→ **Data extract**:
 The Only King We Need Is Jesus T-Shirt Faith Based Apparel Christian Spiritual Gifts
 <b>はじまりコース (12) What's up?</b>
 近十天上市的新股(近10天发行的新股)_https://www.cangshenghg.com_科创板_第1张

---

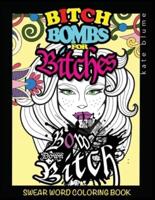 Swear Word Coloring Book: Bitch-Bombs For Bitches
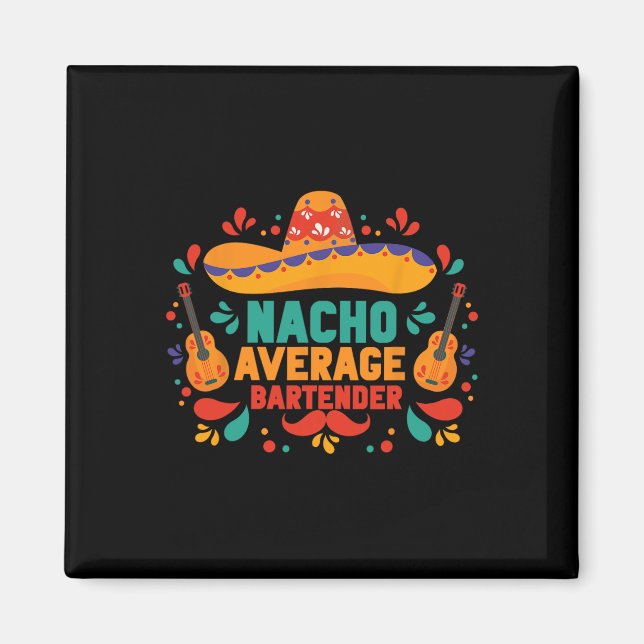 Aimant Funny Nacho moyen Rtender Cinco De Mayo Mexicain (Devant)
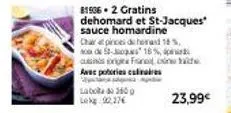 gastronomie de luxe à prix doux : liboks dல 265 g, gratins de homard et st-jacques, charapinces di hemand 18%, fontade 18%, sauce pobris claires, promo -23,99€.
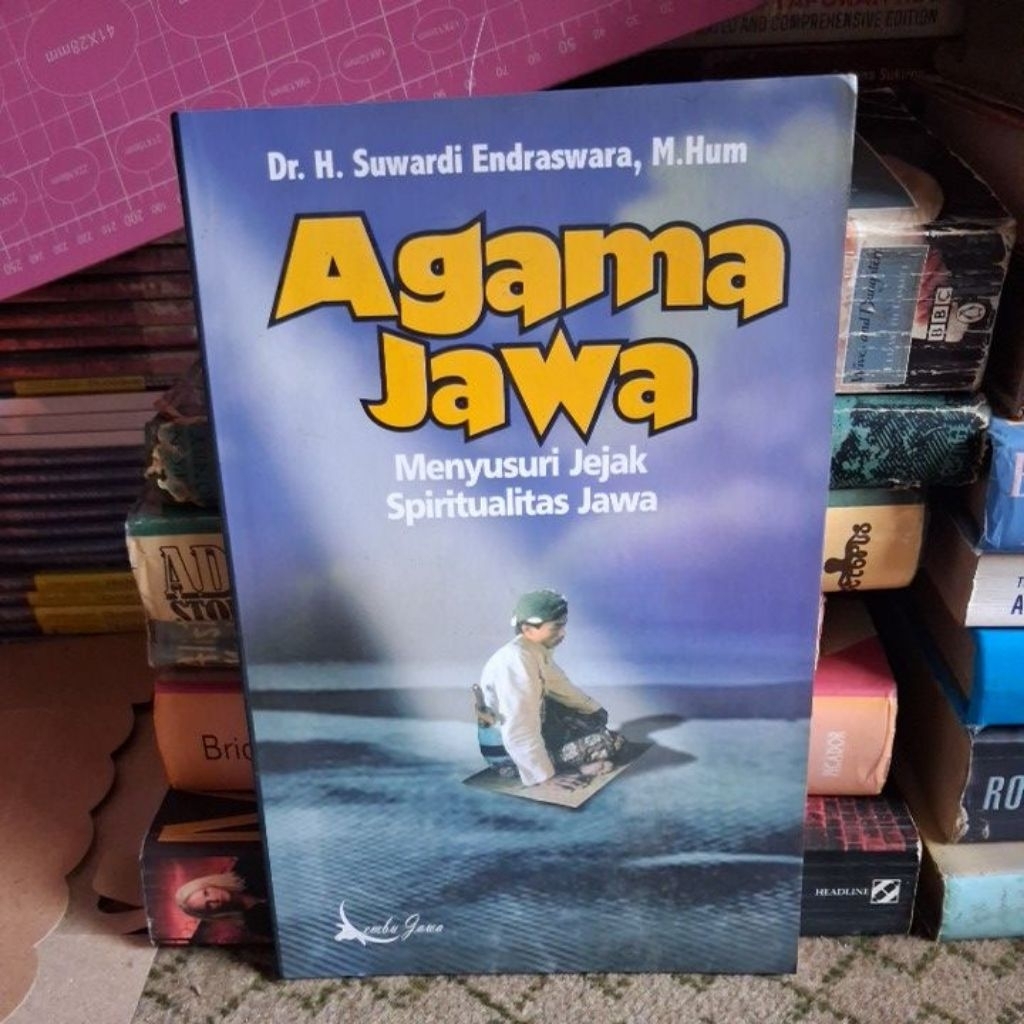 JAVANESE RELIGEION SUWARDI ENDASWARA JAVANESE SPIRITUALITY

→ **Description of the task**:
Of the lines above, output exactly those from the line bearing "The Only King" through the line bearing "近十天上市的新股(近10天发", inclusive.

→ **Task answer**:
 The Only King We Need Is Jesus T-Shirt Faith Based Apparel Christian Spiritual Gifts
 <b>はじまりコース (12) What's up?</b>
 近十天上市的新股(近10天发行的新股)_https://www.cangshenghg.com_科创板_第1张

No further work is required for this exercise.